In our setup, we use rdma bind on ipv6 on target host, while connect from source
with ipv4, remove the qemu_rdma_broken_ipv6_kernel, migration just work
fine.
Checking the git history, the function was added since introducing of
rdma migration, which is more than 10 years ago. linux-rdma has
improved support on RoCE/iWARP for ipv6 over past years. There are a few fixes
back in 2016 seems related to the issue, eg:
aeb76df46d11 ("IB/core: Set routable RoCE gid type for ipv4/ipv6 networks")
other fixes back in 2018, eg:
052eac6eeb56 RDMA/cma: Update RoCE multicast routines to use net namespace
8d20a1f0ecd5 RDMA/cma: Fix rdma_cm raw IB path setting for RoCE
9327c7afdce3 RDMA/cma: Provide a function to set RoCE path record L2 parameters
5c181bda77f4 RDMA/cma: Set default GID type as RoCE when resolving RoCE route
3c7f67d1880d IB/cma: Fix default RoCE type setting
be1d325a3358 IB/core: Set RoCEv2 MGID according to spec
63a5f483af0e IB/cma: Set default gid type to RoCEv2
So remove the outdated function and it's usage.

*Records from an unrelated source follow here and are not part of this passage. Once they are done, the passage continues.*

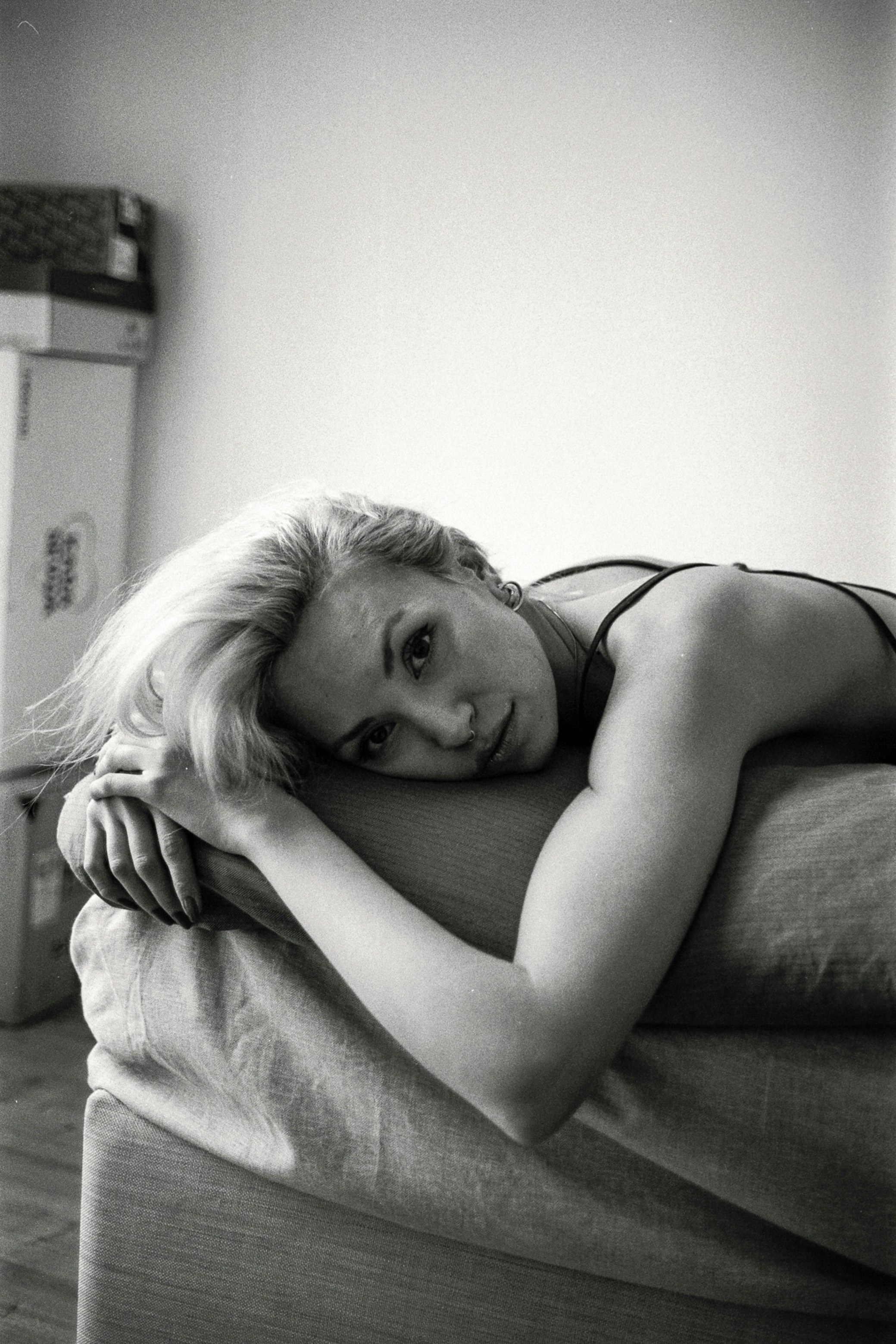 A black and white photo of a woman laying on a bed photo – Free Film ...
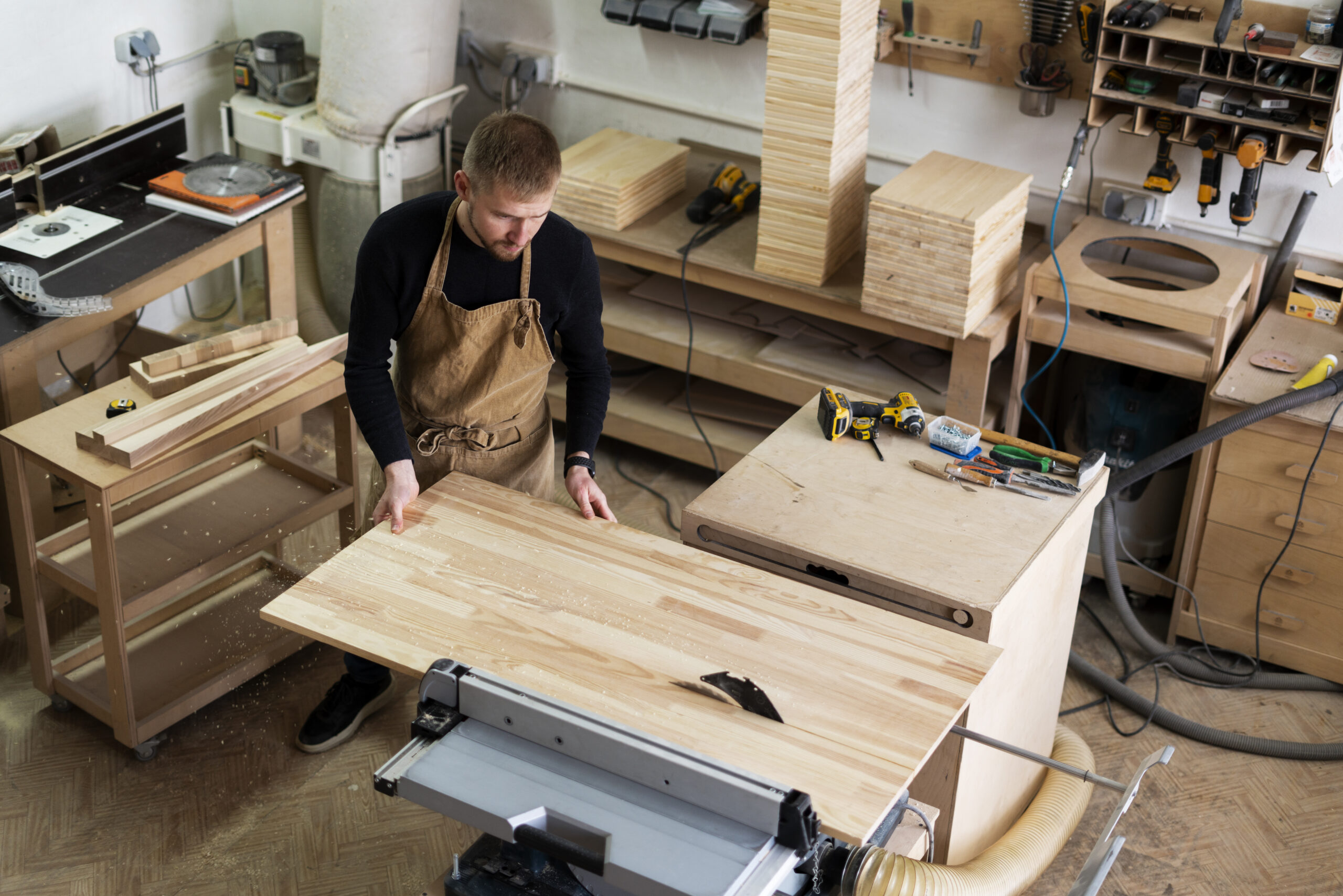 Craftsman working on custom wood millwork in a workshop with tools and materials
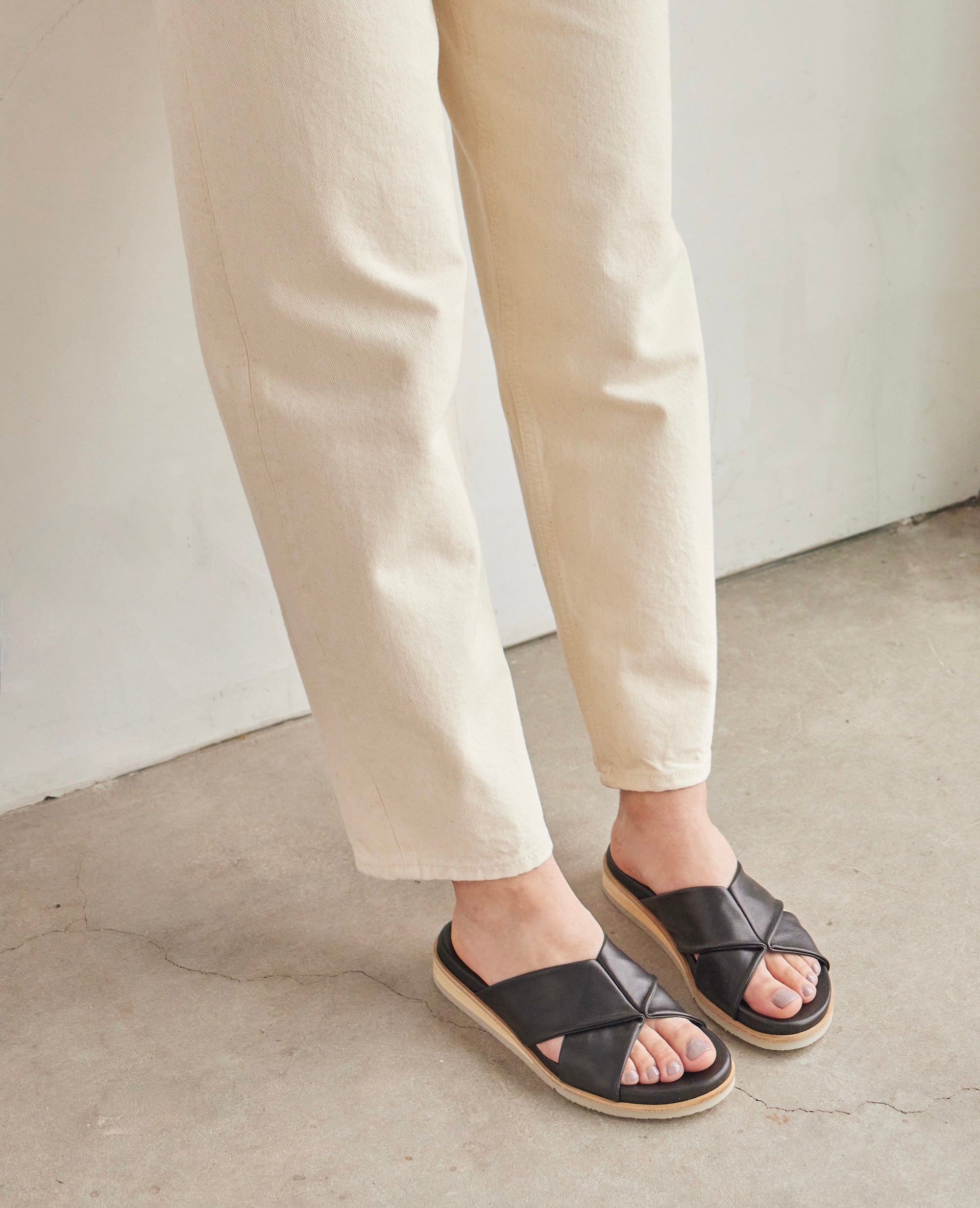 Woman modeling the Coclico Pasque Sandal in Black leather: low pine wedge slide sandal, rubber sole, intertwined leather tube straps across foot. 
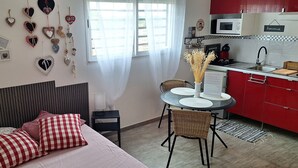A bedroom with a bed, checkered pillows, a bedside table, and a wall decorated with heart-shaped items.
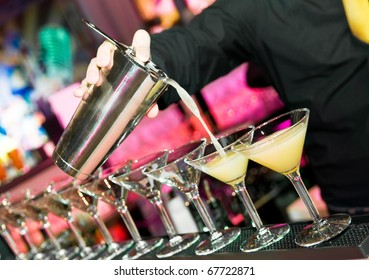 Barman?s Hand With Shake Mixer Pouring Cocktail Into Glasses Arranged In A Line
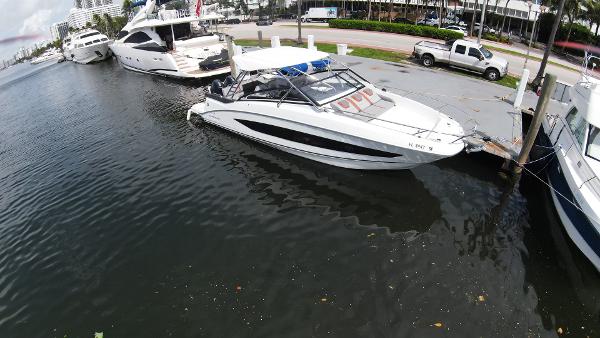 Slide: The Image of 2020 Beneteau Flyer 32 docked at marina, side view. - 3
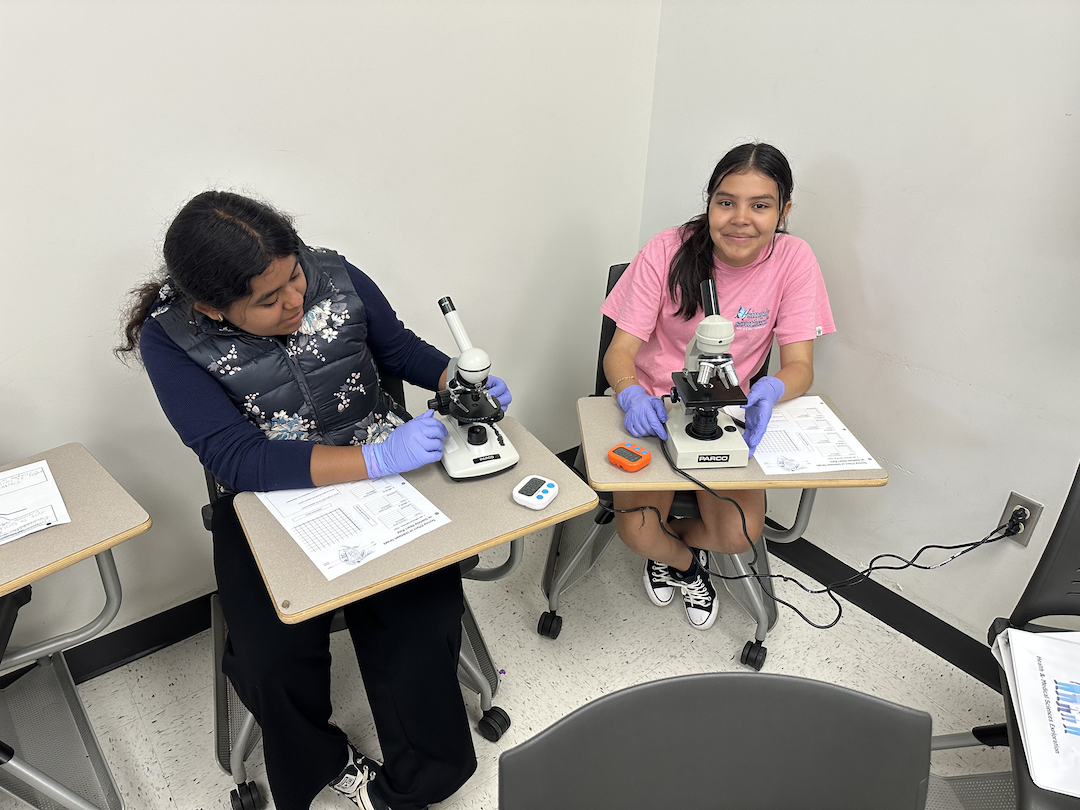 Two middle school aged scholars sit at desks with microscopes.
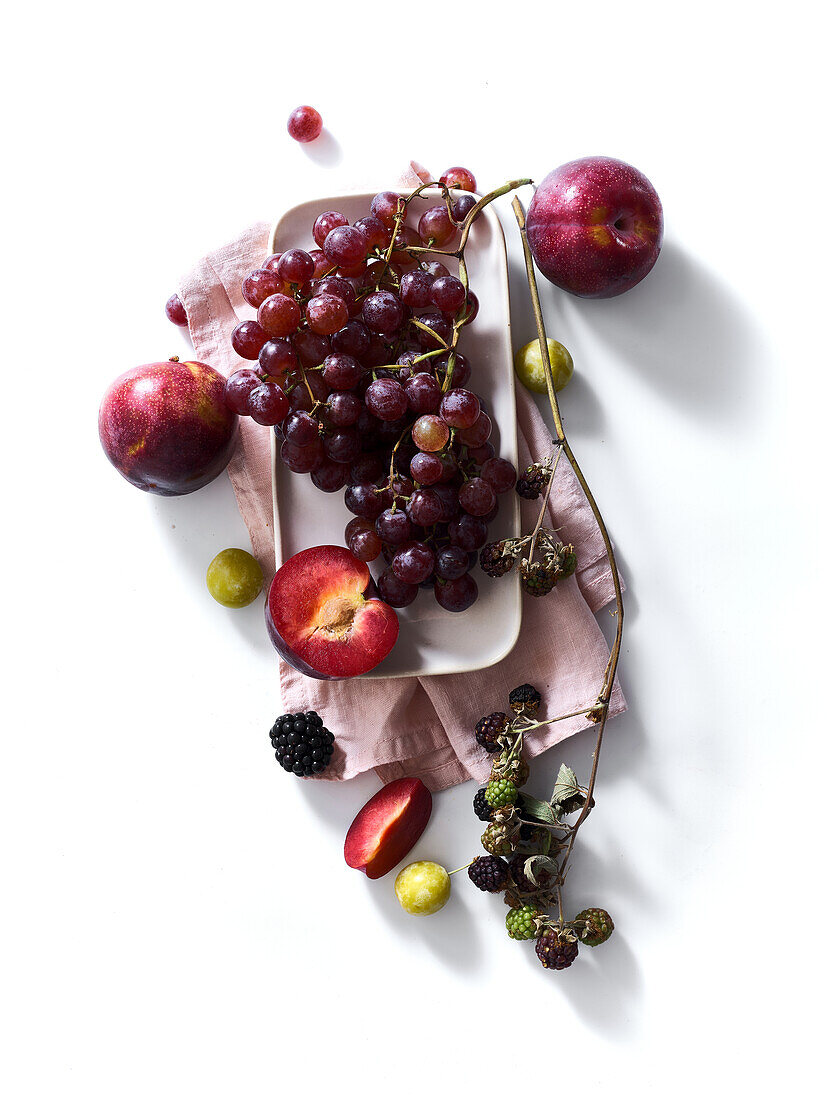 Composition with fresh summer fruits and berries on white background. Grapes, plums and apples in sunlight.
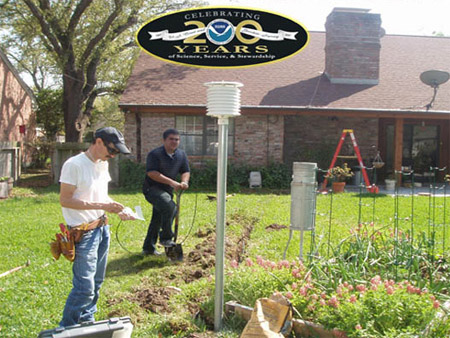 National Weather Service employees from the Weather Forecast Office in Corpus Christi, Texas, install 
							a temperature sensor and a rain gauge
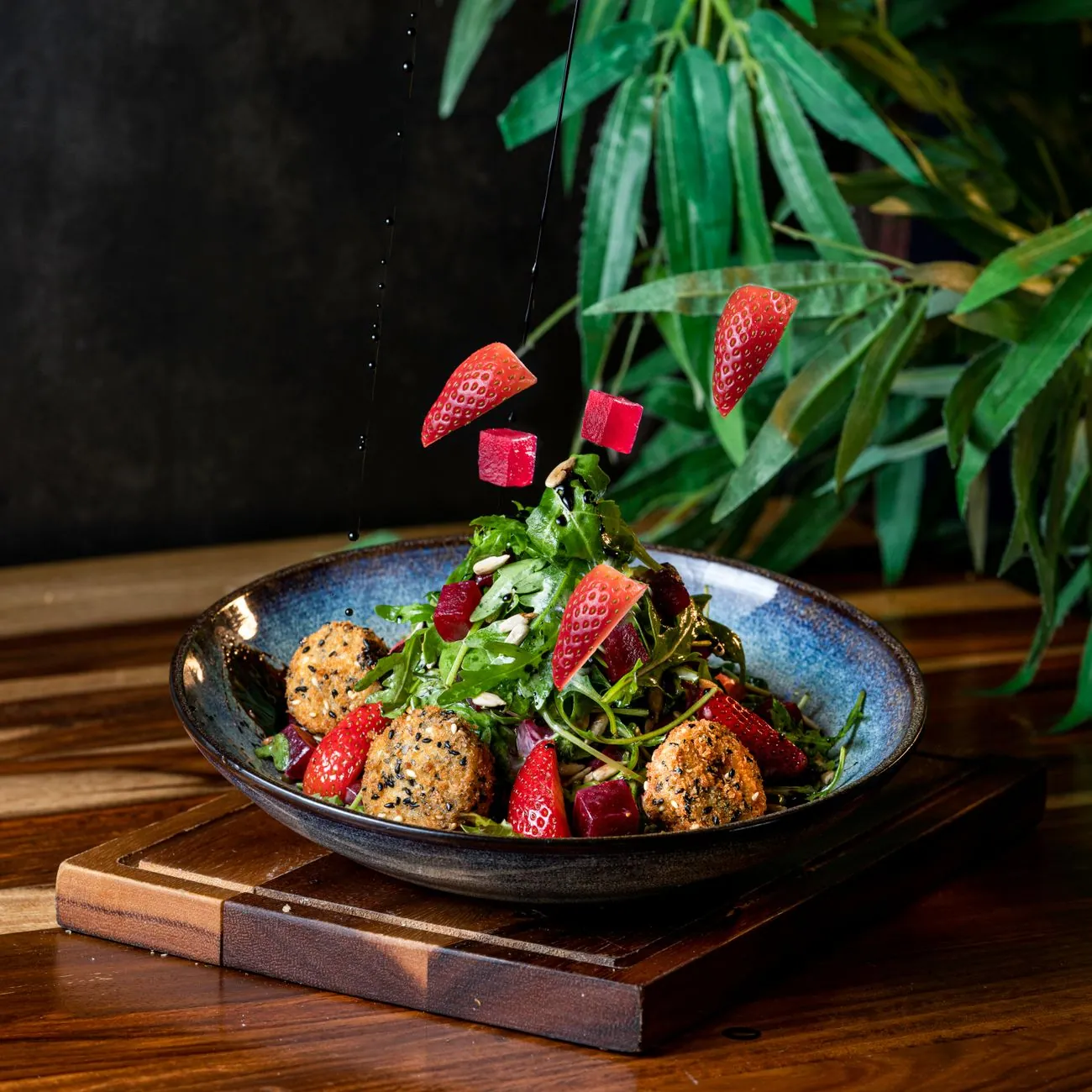 Đĩa salad rau mầm với dâu tây và củ dền bên chậu cây xanh trên nền tối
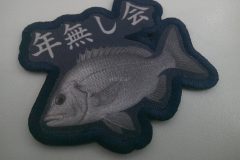 濃紺の背景に精密に描かれた魚と上に『年無し会』の文字が入ったオリジナルプリントワッペンの制作見本。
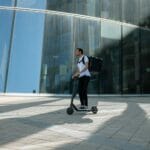 Sztutowo i okolice na hulajnodze: gdzie wolno, gdzie uważać, jak dojechać Mężczyzna na elektrycznej hulajnodze z plecakiem przed szklanym biurowcem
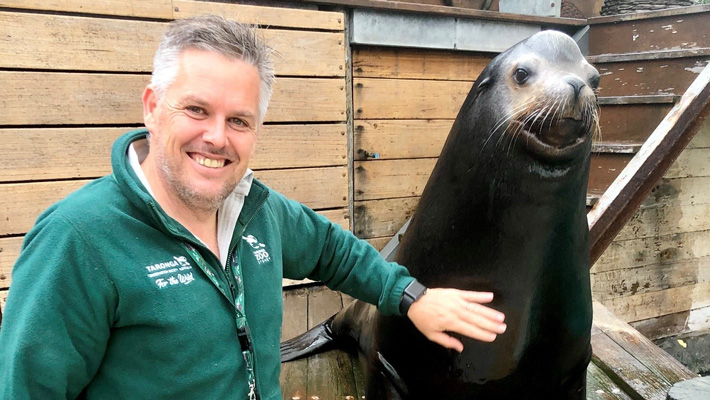 Taronga's Director of Education, Paul Maguire, with a Sea-lion at Taronga Zoo Sydney.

Cc: Peter Xu <peterx@redhat.com>
Cc: Li Zhijian <lizhijian@fujitsu.com>
Cc: Yu Zhang <yu.zhang@ionos.com>
Cc: Fabiano Rosas <farosas@suse.de>
Cc: qemu-devel@nongnu.org
Cc: linux-rdma@vger.kernel.org
Cc: michael@flatgalaxy.com
Signed-off-by: Jack Wang <jinpu.wang@ionos.com>
Tested-by: Li zhijian <lizhijian@fujitsu.com>
Reviewed-by: Michael Galaxy <mrgalaxy@nvidia.com>
Link: https://lore.kernel.org/r/20250402051306.6509-1-jinpu.wang@ionos.com
[peterx: some cosmetic changes]
Signed-off-by: Peter Xu <peterx@redhat.com>
---
migration/rdma.c | 180 ++---------------------------------------------
1 file changed, 4 insertions(+), 176 deletions(-)
diff --git a/migration/rdma.c b/migration/rdma.c
index 4875ca1987..2d839fce6c 100644
--- a/migration/rdma.c
+++ b/migration/rdma.c
@@ -767,149 +767,6 @@ static void qemu_rdma_dump_gid(const char *who, struct rdma_cm_id *id)
trace_qemu_rdma_dump_gid(who, sgid, dgid);
}
-/*
- * As of now, IPv6 over RoCE / iWARP is not supported by linux.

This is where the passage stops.